● **Material supplied**:
Segment Open
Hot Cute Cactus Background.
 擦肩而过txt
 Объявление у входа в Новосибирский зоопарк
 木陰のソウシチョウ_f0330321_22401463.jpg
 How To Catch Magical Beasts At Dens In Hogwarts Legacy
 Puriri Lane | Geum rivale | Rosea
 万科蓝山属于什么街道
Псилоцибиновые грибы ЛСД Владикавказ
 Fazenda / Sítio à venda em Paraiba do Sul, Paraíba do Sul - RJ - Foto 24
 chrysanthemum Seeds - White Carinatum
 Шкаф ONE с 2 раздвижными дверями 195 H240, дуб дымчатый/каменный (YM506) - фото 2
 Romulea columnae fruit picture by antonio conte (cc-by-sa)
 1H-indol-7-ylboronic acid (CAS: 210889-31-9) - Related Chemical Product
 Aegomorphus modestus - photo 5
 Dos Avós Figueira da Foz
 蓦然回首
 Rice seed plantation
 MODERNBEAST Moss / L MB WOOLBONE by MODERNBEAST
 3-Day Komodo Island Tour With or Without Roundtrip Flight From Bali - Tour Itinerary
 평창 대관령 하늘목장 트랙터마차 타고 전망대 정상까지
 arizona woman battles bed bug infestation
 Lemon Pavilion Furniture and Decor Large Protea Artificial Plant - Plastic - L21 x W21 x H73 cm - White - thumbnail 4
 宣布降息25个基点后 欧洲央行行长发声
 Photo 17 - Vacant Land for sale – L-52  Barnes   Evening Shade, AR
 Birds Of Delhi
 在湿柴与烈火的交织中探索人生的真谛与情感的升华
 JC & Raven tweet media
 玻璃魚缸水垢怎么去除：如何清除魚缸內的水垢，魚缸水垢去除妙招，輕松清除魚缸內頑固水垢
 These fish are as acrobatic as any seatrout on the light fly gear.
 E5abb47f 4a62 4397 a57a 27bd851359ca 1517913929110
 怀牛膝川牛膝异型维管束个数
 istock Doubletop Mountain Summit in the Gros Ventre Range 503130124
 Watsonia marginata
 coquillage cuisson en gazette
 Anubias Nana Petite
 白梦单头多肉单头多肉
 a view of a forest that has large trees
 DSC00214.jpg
Segment Closed
Every record must appear in the answer exactly as it does above.

Hot Cute Cactus Background.
 擦肩而过txt
 Объявление у входа в Новосибирский зоопарк
 木陰のソウシチョウ_f0330321_22401463.jpg
 How To Catch Magical Beasts At Dens In Hogwarts Legacy
 Puriri Lane | Geum rivale | Rosea
 万科蓝山属于什么街道
Псилоцибиновые грибы ЛСД Владикавказ
 Fazenda / Sítio à venda em Paraiba do Sul, Paraíba do Sul - RJ - Foto 24
 chrysanthemum Seeds - White Carinatum
 Шкаф ONE с 2 раздвижными дверями 195 H240, дуб дымчатый/каменный (YM506) - фото 2
 Romulea columnae fruit picture by antonio conte (cc-by-sa)
 1H-indol-7-ylboronic acid (CAS: 210889-31-9) - Related Chemical Product
 Aegomorphus modestus - photo 5
 Dos Avós Figueira da Foz
 蓦然回首
 Rice seed plantation
 MODERNBEAST Moss / L MB WOOLBONE by MODERNBEAST
 3-Day Komodo Island Tour With or Without Roundtrip Flight From Bali - Tour Itinerary
 평창 대관령 하늘목장 트랙터마차 타고 전망대 정상까지
 arizona woman battles bed bug infestation
 Lemon Pavilion Furniture and Decor Large Protea Artificial Plant - Plastic - L21 x W21 x H73 cm - White - thumbnail 4
 宣布降息25个基点后 欧洲央行行长发声
 Photo 17 - Vacant Land for sale – L-52  Barnes   Evening Shade, AR
 Birds Of Delhi
 在湿柴与烈火的交织中探索人生的真谛与情感的升华
 JC & Raven tweet media
 玻璃魚缸水垢怎么去除：如何清除魚缸內的水垢，魚缸水垢去除妙招，輕松清除魚缸內頑固水垢
 These fish are as acrobatic as any seatrout on the light fly gear.
 E5abb47f 4a62 4397 a57a 27bd851359ca 1517913929110
 怀牛膝川牛膝异型维管束个数
 istock Doubletop Mountain Summit in the Gros Ventre Range 503130124
 Watsonia marginata
 coquillage cuisson en gazette
 Anubias Nana Petite
 白梦单头多肉单头多肉
 a view of a forest that has large trees
 DSC00214.jpg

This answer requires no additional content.